Highlights & Insights

  • Innovative application of the "divide-and-conquer" concept in zero-shot learning: Explicitly separating confused base and novel samples and processing them individually is simple yet effective, and more direct than attempting to balance base-novel in an end-to-end manner. This strategy can be transferred to other scenarios involving the co-existence of known and unknown categories, such as open-set recognition and continual learning.
  • Variational inference as a novel detector: Ingeniously utilizes the probabilistic modeling capability of variational inference to detect novel samples—having only observed base categories during training, novel samples naturally present different distribution characteristics in the latent space. This is more elegant than setting a hard threshold or employing an external OOD detection module.
  • Complementarity with prompt tuning: The core of PVA is not learning better prompts, but learning a better inference strategy (separation + divide-and-conquer), which complements existing prompt tuning methods.

Limitations & Future Work

  • The choice of the separation threshold may require validation set tuning, which might be impractical in fully zero-shot scenarios.
  • The method assumes sufficient distribution differences between novel and base category samples in the latent space, which may fail for highly similar base-novel category pairs.
  • The two variational adapters increase model parameters and training complexity. Although the adapters themselves are lightweight, the sampling process of variational inference may affect inference speed.
  • The evaluation is limited to classification tasks and has not been validated on downstream tasks such as detection or segmentation.
  • vs CoCoOp: CoCoOp enhances generalization by conditioning learnable prompts, but still processes base and novel categories in a unified space.
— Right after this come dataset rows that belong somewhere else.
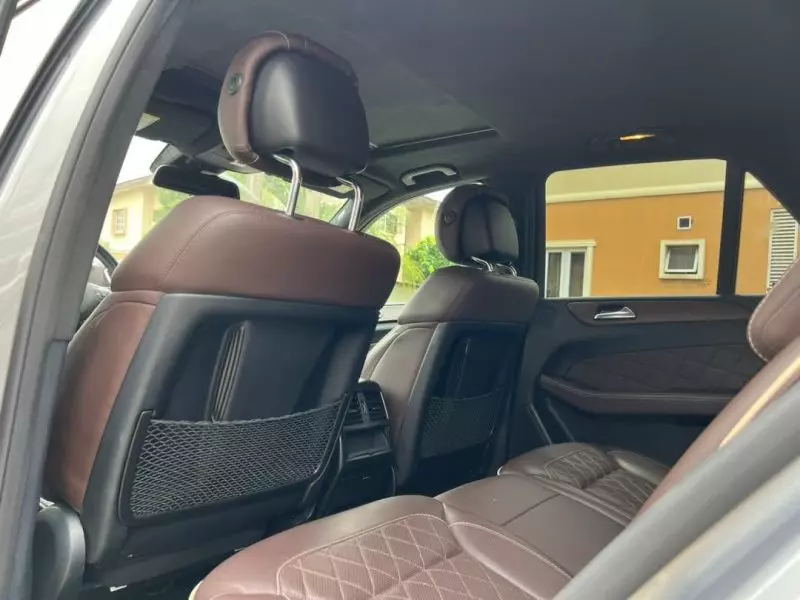 Mercedes-Benz ML 350   - 2014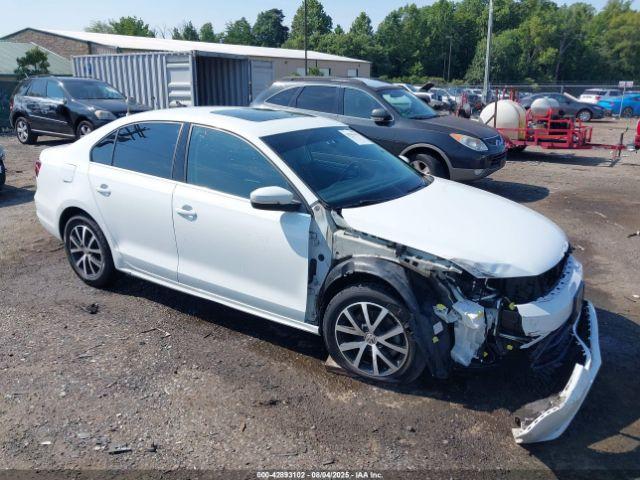  Salvage Volkswagen Jetta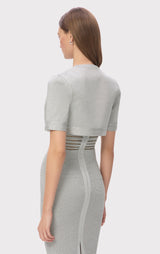 THE METALLIC MARIE BOLERO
PVA's explicit separation strategy addresses the bias problem more directly.
  • vs PLOT: PLOT uses optimal transport to align textual and visual prompts. PVA employs variational inference for alignment, gaining additional probabilistic separation capabilities.
  • vs Tip-Adapter: Tip-Adapter constructs a cache model as an adapter. PVA's variational adapter learns a more structured representation space.

Rating

  • Novelty: ⭐⭐⭐⭐ The "divide-and-conquer" strategy to solve the base-novel bias is highly novel, and the design of the variational adapter is creative.
  • Experimental Thoroughness: ⭐⭐⭐⭐ Covers both generalized zero-shot learning and cross-dataset transfer scenarios.
  • Writing Quality: ⭐⭐⭐⭐ Clear problem analysis, fully motivated methodology.
  • Value: ⭐⭐⭐⭐ Provides a practical solution to the base-novel trade-off in CLIP fine-tuning.